Participate--share your money and your time to be a part of this community event.  As an added bonus participants are invited to attend a reception at Claret Hall in River Hill between 1 p.m.- 4 p.m. and enjoy displays provided by Columbia Archives and information about Bridges to Housing Stability.

As if that weren't enough incentive, you can see me and some very cool Oakland Mills women as docents in one of this year's homes.  When I'm finished with my shift, I'm going here.


Wednesday, May 9, 2012

Under The Shining People Tree (reprint)

The following is reprinted from my post of May 26, 2011, on Columbia Patch.

I moved to Columbia in the late spring of 1999, on the verge of beginning a new life. I knew very little of Columbia except that it was planned, and that it was extremely easy to get lost here.

Since I continued to commute to Baltimore City for several more years, I was limited in my time and energy for exploring. I learned how to get to the grocery, the gas station, and the mall.

In 2003 I began to work for Columbia School Aged Services. As a part of my training, I attended an orientation session designed to impart both the history and philosophy of The Columbia Experience. I was excited to explore my new land.

It didn’t go as well as I had hoped. Probably the worst occasion was when I dragged my family down to The Lakefront to see The People Tree, which I had learned was a symbol of all things Columbia. It was beautiful—there’s no denying that. The vista at the lakefront was lovely. And still. And barren.

There was no one there. It took on an incredibly creepy aura to me.

Little by little, I came to believe that Columbia was a beautiful experiment that had happened before I got here, and I had missed it. Like an awkward anecdote followed by, “I guess you had to be there.”

I hadn’t been there, I didn’t know what I was supposed to know, and I couldn’t afford the pools, the nice restaurants, the lovely gourmet stores, and the upscale arts events.

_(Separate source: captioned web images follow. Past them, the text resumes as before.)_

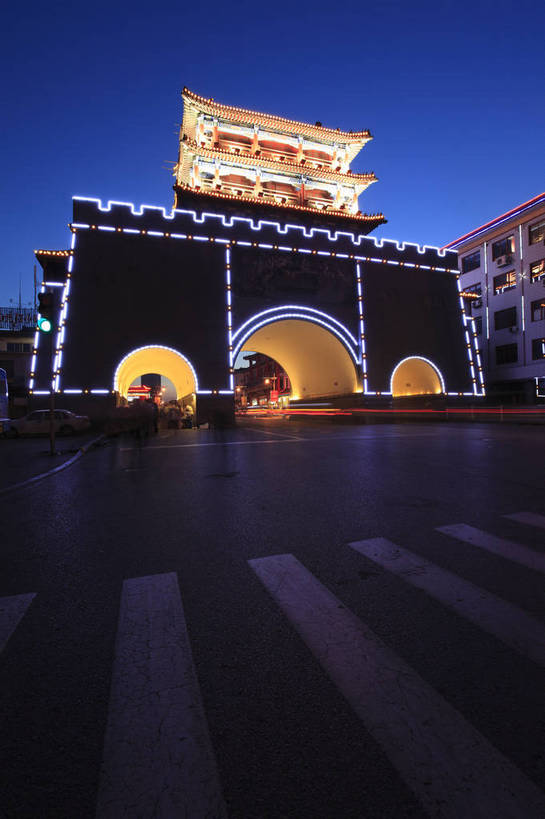 无人,广场,竖图,彩色,室外,旅游,度假,名胜古迹,标志建筑,城市,地标,建筑,夜景,中国,亚洲,遗迹,图片,景观,灯光,古迹,文物,娱乐,建设,古建筑,地标建筑,享受,休闲,旅游胜地,放松,摄影,古代建筑,古文明,东亚,辽宁,辽宁省,沈阳,中华人民共和国,省会,门楼,灯火辉煌,沈阳市,辽,东北地区,商业中心,东北,中国东北地区,东北三省,东三省,大东门,抚近门,沈阳大东门,bj174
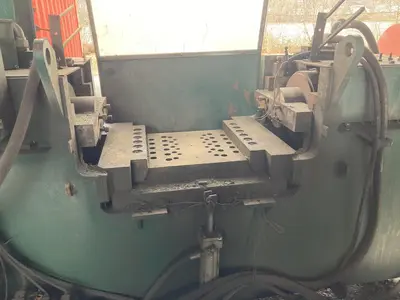 200 TON WTC EQUIPMENT HYDRAULIC TRACK PRESS & TORQUE WRENCH: STOCK #18311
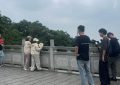 谢是太天跑节目，两天跑两个地方录节目，一口气爬200米山坡也太牛了吧缩略图
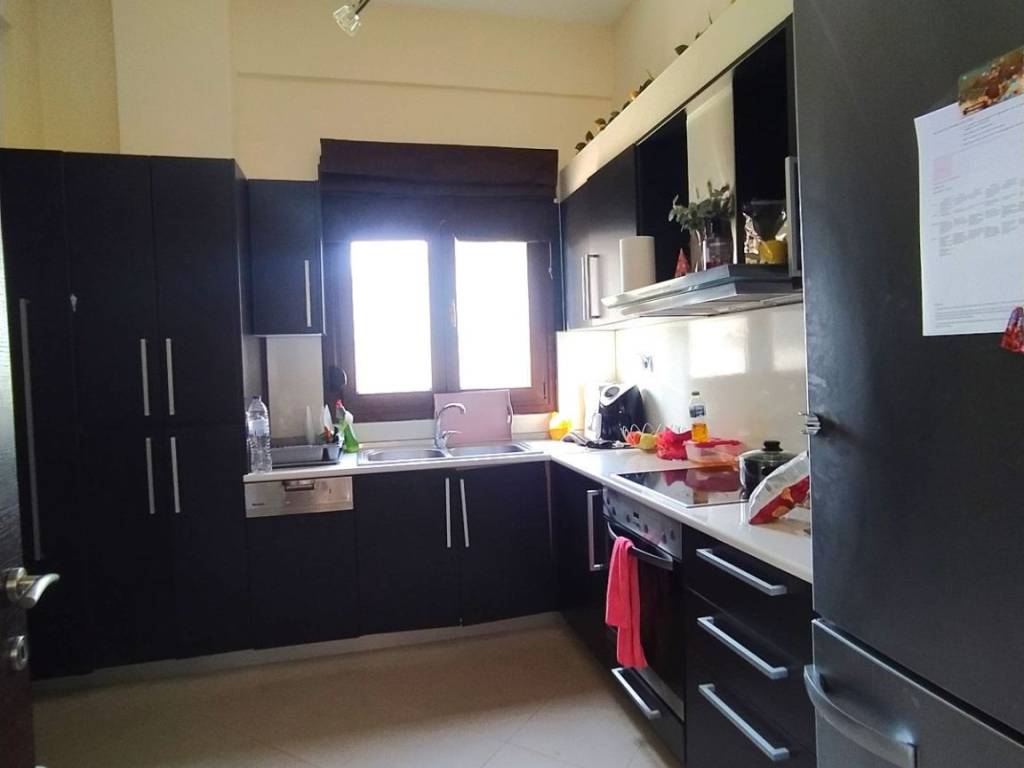 ANYPLACE MESITIKES YPERESIES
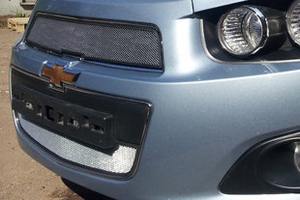 Сетка защитная в бампер Standart хром Strelka Chevrolet Aveo 2011-2019 ― Auto-Clover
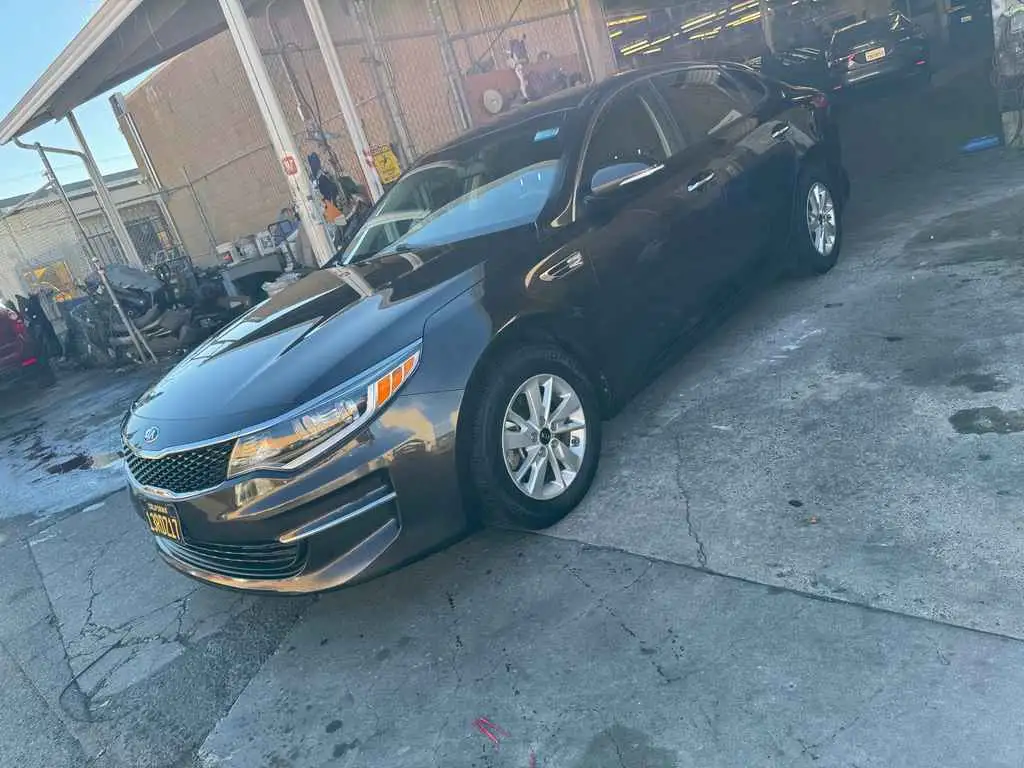 2018 Kia Optima LX AT's photo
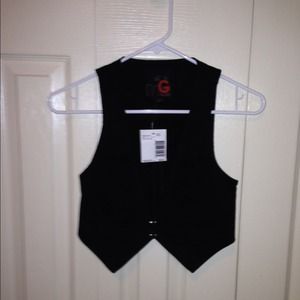 Black vest and Chanel ring for @tinyti!!!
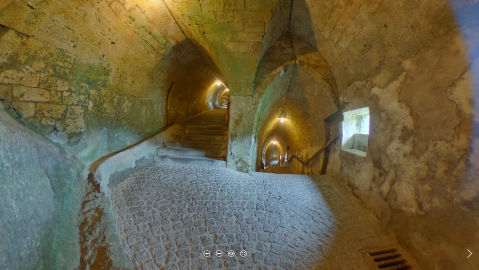 Eingangsbereich und gedeckter Aufgang der Festung Kufstein in 360°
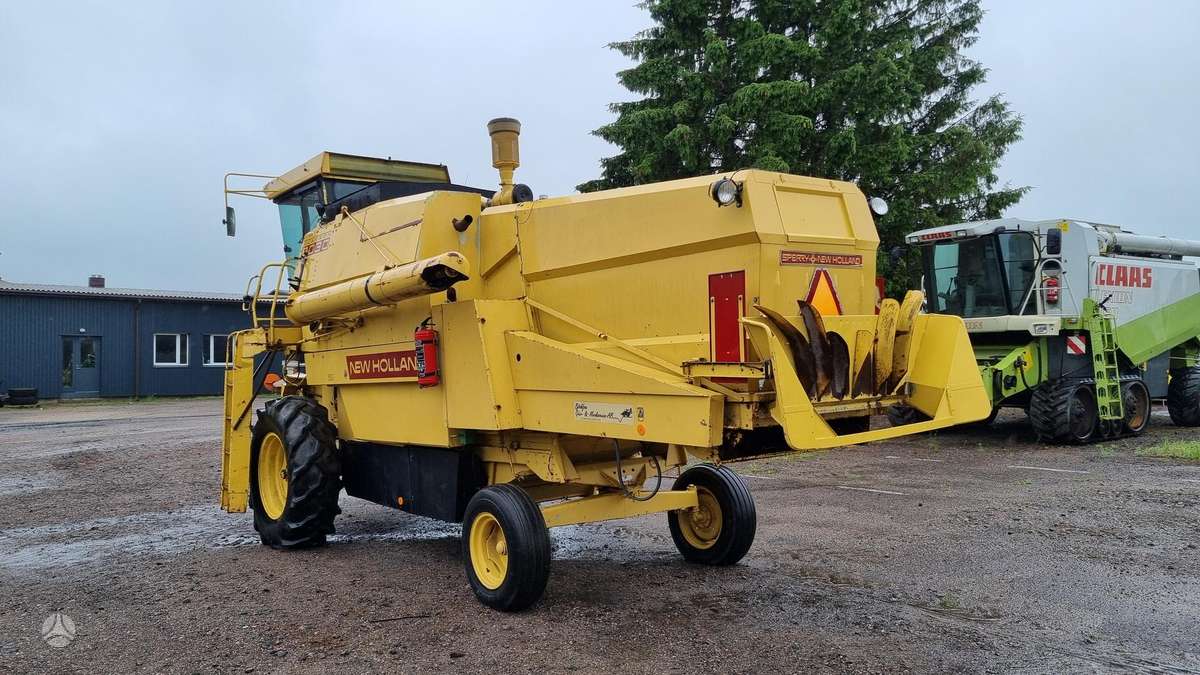 New Holland 8030, комбайны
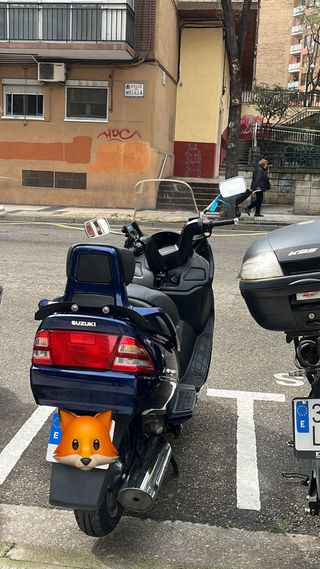 Suzuki Burgman 400 - 2001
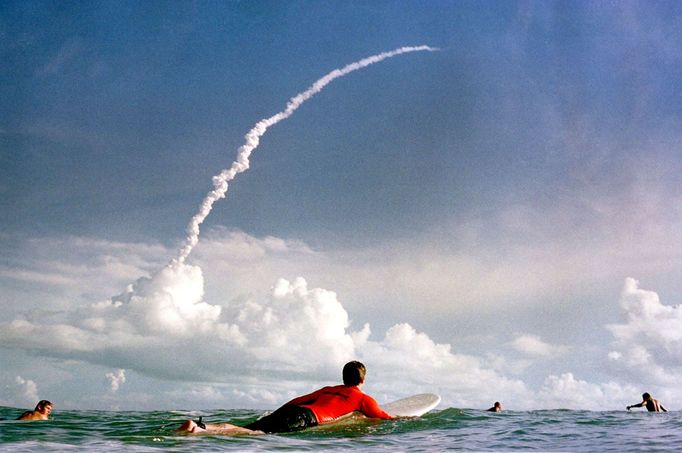 Surfaři sledují start raketoplánu Atlantis v září 2000.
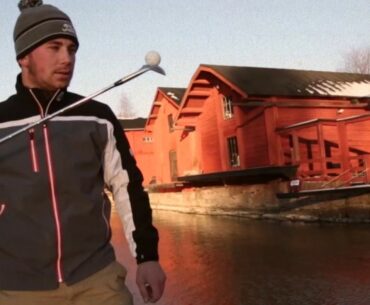 Oliver Lindell shoots golf balls from the boat #wowofnowfi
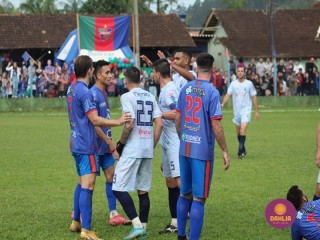 
<a style='margin-left: 5px;' class='btn btn-xs btn-social btn-facebook' href='https://www.facebook.com/sharer/sharer.php?u=https://www.boladovale.com.br/imgs/800-800-90/conteudo/fotos/1645/img9415-64.jpg' rel='popup' data-width='500' data-height='400'><i class='fa fa-facebook'></i>Compartilhar <span class='hidden-xs'>no Facebook</span>
</a> 
<a class='btn btn-default btn-xs' target='_blank' href='imgs/800-800-90/conteudo/fotos/1645/img9415-64.jpg'>
<span class='glyphicon glyphicon-cloud-download'></span> Salvar
</a> 
<span></span>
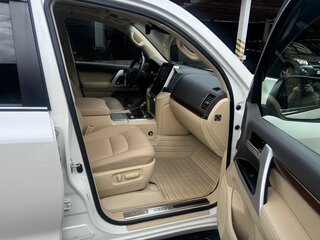 2015 Toyota Land Cruiser 200 Series Рестайлинг 2, белый, 6750000 рублей, вид 5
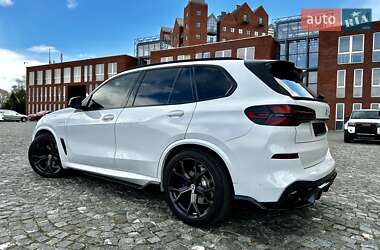Внедорожник / Кроссовер BMW X5 2019 в 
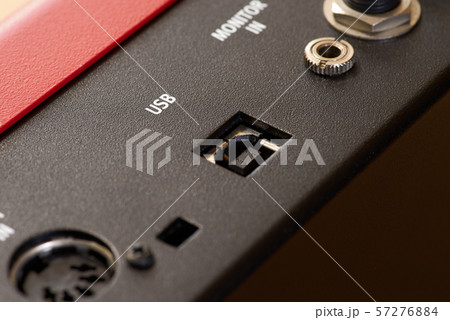 電子機器のコネクタ 57276884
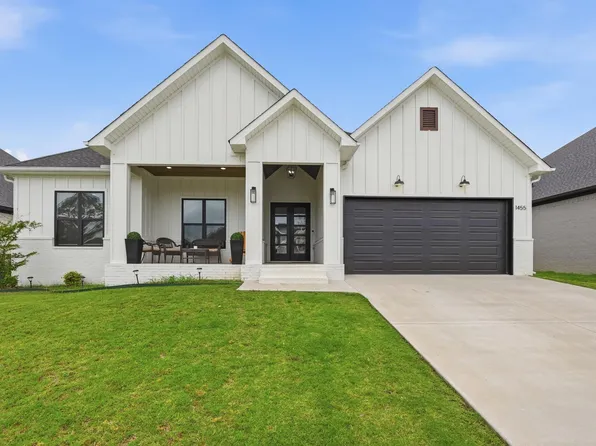 1455 Ronnie Weaver Dr, Conway, AR 72034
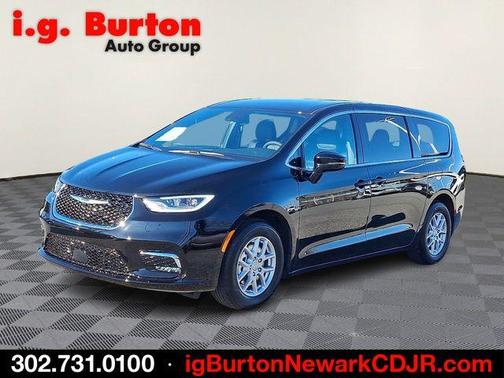 Diamond Black 2026 Chrysler Pacifica Select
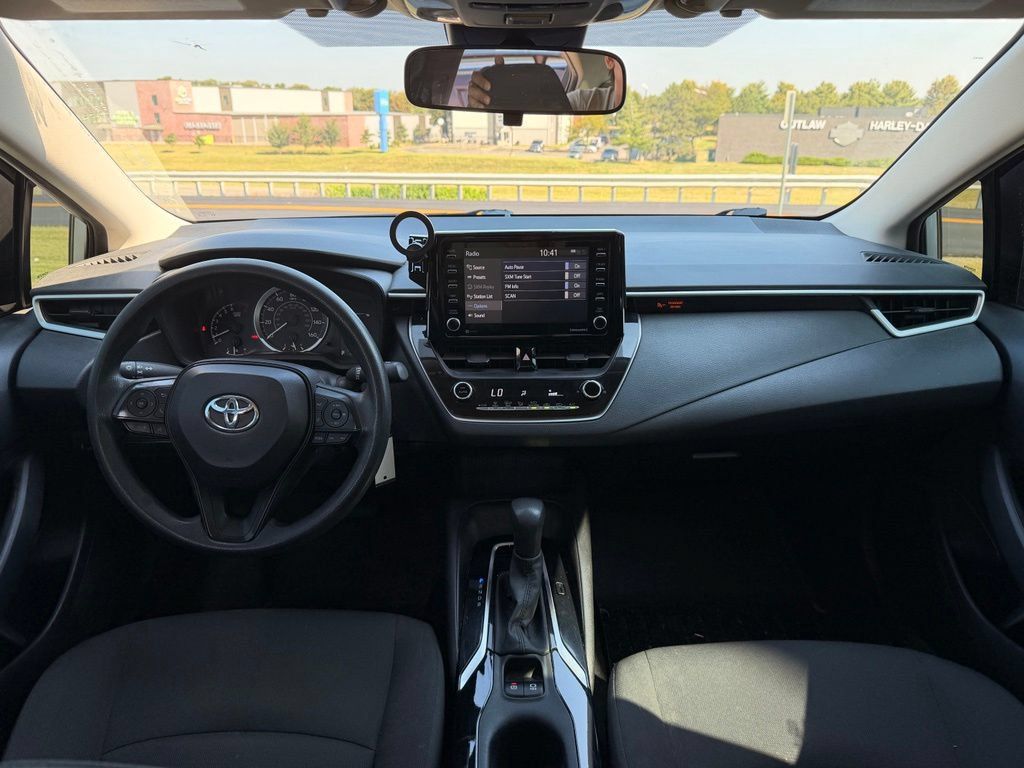 Used 2021 Toyota Corolla LE FWD image 3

In the years since then something has changed: my decision to grow and evolve as a member of my village—Oakland Mills. Through participation in events, volunteering, serving on the board, and getting involved in community-based social media, I found my own way to put down roots.

As a celebration of this ongoing change, I decided to attend the first Lakefront Concert this year on May 11. Although the day was beautiful, I still had some trepidation about returning to the too-perfect atmosphere of The People Tree.

When I arrived, I felt cheered by the sound of bluegrass music and the sight of people on the lawn. I wandered around the edges of the event, trying to decide whether to stay.

And then I saw it: a plaque honoring the first class of Columbia children to start in kindergarten and graduate from high school. I scanned the names, wondering if any of these people had stayed to continue The Grand Experiment, or if they had flown the New Town Nest. As I was turning away, one name caught me: Timothy J. Lea.

This is what I know about Timothy J. Lea: He is a warm, hospitable man, and a great dad. He is welcoming, unassuming, and—wait for it—he’s still here, raising his kids in Hickory Ridge.

I don’t know why that meant so much to me, but it did. I turned again to survey the scene and felt for the first time since 1999 that this was my Columbia, too.

At that moment I spied a friend on the hill, who raised a hand in greeting.

I will be headed down to catch Damon Foreman today, weather permitting. Maybe I will see you there.